Unfortunate pushing down of expressions below sort

Started by Andres Freund3 months ago8 messageshackers

andres@anarazel.de

3 months ago

Hi,

I was recently [1]/messages/by-id/wgf63h3doepg2jnmofzbygrg7jujbjvxwkvoc7arej2zqcuf6c@3tzz22tizuew reminded of something I've seen be problematic before:

We push down expressions below a sort node, even though they could be
evaluated above.

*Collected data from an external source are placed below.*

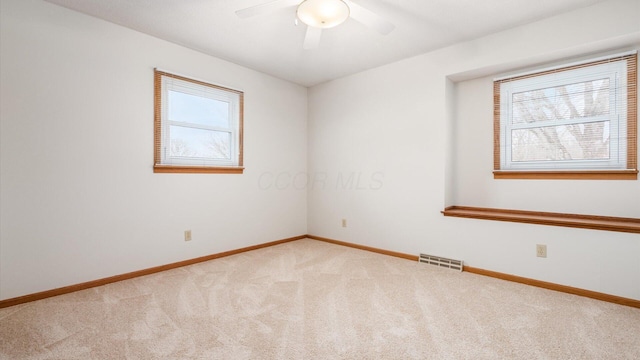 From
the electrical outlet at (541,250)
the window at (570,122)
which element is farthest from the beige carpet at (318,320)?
the window at (570,122)

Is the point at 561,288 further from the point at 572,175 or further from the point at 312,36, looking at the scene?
the point at 312,36

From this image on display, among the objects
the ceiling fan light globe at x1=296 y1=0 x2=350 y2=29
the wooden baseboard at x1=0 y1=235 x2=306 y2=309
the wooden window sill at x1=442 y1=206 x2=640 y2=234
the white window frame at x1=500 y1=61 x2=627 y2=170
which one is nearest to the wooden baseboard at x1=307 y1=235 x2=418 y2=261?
the wooden window sill at x1=442 y1=206 x2=640 y2=234

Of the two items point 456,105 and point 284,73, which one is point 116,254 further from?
point 456,105

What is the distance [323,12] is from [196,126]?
2038mm

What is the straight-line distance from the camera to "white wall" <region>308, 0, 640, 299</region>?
244 centimetres

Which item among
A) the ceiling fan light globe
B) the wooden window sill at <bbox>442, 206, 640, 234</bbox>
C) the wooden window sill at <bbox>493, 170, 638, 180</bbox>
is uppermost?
the ceiling fan light globe

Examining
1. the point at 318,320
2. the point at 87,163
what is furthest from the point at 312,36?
the point at 87,163

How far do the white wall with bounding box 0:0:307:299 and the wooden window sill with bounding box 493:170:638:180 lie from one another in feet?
10.5

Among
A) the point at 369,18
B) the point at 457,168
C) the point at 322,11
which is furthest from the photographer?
the point at 457,168

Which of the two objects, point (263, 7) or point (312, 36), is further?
point (312, 36)

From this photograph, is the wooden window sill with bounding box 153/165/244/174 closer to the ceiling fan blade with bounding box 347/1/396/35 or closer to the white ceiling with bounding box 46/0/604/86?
the white ceiling with bounding box 46/0/604/86

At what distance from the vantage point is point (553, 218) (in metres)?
2.71

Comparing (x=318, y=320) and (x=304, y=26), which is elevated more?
(x=304, y=26)

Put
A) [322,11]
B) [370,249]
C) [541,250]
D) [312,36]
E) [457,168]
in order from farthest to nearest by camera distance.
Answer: [370,249], [457,168], [541,250], [312,36], [322,11]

That can very substantially increase the space needed for the
sort.

A simplified (and extreme-y-fied) example:

EXPLAIN (VERBOSE, ANALYZE) SELECT repeat(g.i::text, 1000) FROM generate_series(1, 10000) g(i) ORDER BY g.i;
┌────────────────────────────────────────────────────────────────────────────────────────────────────────────────────────────────────────────────┐
│ QUERY PLAN │
├────────────────────────────────────────────────────────────────────────────────────────────────────────────────────────────────────────────────┤
│ Sort (cost=839.39..864.39 rows=10000 width=36) (actual time=65.905..66.552 rows=10000.00 loops=1) │
│ Output: (repeat((i)::text, 1000)), i │
│ Sort Key: g.i │
│ Sort Method: quicksort Memory: 38601kB │
│ -> Function Scan on pg_catalog.generate_series g (cost=0.00..175.00 rows=10000 width=36) (actual time=0.896..48.459 rows=10000.00 loops=1) │
│ Output: repeat((i)::text, 1000), i │
│ Function Call: generate_series(1, 10000) │
│ Planning Time: 0.063 ms │
│ Execution Time: 69.253 ms │
└────────────────────────────────────────────────────────────────────────────────────────────────────────────────────────────────────────────────┘
(9 rows)

I can manually rewrite that be executed better:

EXPLAIN (VERBOSE, ANALYZE) SELECT repeat(i::text, 1000) FROM (SELECT * FROM generate_series(1, 10000) g(i) ORDER BY g.i);
┌────────────────────────────────────────────────────────────────────────────────────────────────────────────────────────────────────────────────────┐
│ QUERY PLAN │
├────────────────────────────────────────────────────────────────────────────────────────────────────────────────────────────────────────────────────┤
│ Subquery Scan on unnamed_subquery (cost=764.39..864.39 rows=10000 width=32) (actual time=2.642..50.738 rows=10000.00 loops=1) │
│ Output: repeat((unnamed_subquery.i)::text, 1000) │
│ -> Sort (cost=764.39..789.39 rows=10000 width=4) (actual time=2.633..3.342 rows=10000.00 loops=1) │
│ Output: g.i │
│ Sort Key: g.i │
│ Sort Method: quicksort Memory: 385kB │
│ -> Function Scan on pg_catalog.generate_series g (cost=0.00..100.00 rows=10000 width=4) (actual time=0.999..1.690 rows=10000.00 loops=1) │
│ Output: g.i │
│ Function Call: generate_series(1, 10000) │
│ Planning Time: 0.063 ms │
│ Execution Time: 51.648 ms │
└────────────────────────────────────────────────────────────────────────────────────────────────────────────────────────────────────────────────────┘
(11 rows)

Note that the runtime as well as the memory usage are reduced noticeably.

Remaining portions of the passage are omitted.